Pero ha pasado el tiempo
y la verdad desagradable asoma:
envejecer, morir,
es el único argumento de la obra.
Jaime Gil de Biedma
Pudimos ser espías de los Dioses
pero la vida es tan perra
que zancadillea a sus mejores actores.
Aún así,
elegimos no morir de tristeza
como el puto Rey Lear.
Todavía cada día
sin saber muy bien la razón
me maquillo frente a un gigantesco espejo
rodeado de bombillas parpadeantes.
Todavía cada día
sin saber muy bien la razón
sigo en busca de ese poema, exacto y definitivo
que será tan solo otra grieta con el espacio preciso
para que quepan mis manos y continuar escarbando.
Sin embargo me cansa este eterno ensayo general
el día del estreno habrán demolido el teatro
y en su lugar
erigirán otro Starbucks donde los hijos y nietos
de los vencedores
se sentarán ajenos sobre nuestras tumbas.
No sabrán
que allí hubo un escenario donde alguna vez
bailamos un tango con la piel del desastre
que fuimos
como dos duelistas inmóviles y absortos en el adversario.
Que supimos
de la mirada sedienta de sangre desde el palco de honor.

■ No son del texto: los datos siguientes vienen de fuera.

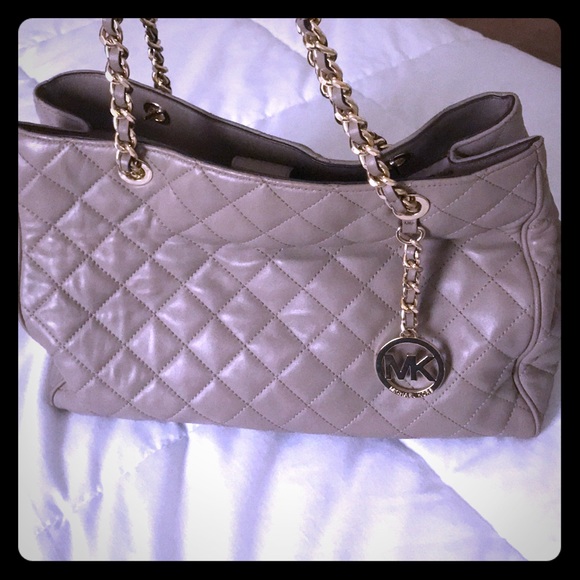 Micheal Kors Susan Quilted Leather Purse NWOT - Picture 3 of 6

De la insoportable injerencia de las hienas
en las flores.
Y que no nos importó.
O que, joder, esa vez fue nuestra mejor actuación.
Todavía cada día aparezco tambaleante tras el telón.
Falstaff absurdo
cuando al iniciar la reverencia final caigo redondamente borracho
sin saber si esta vez aplaudiste
o al menos compraste la única entrada.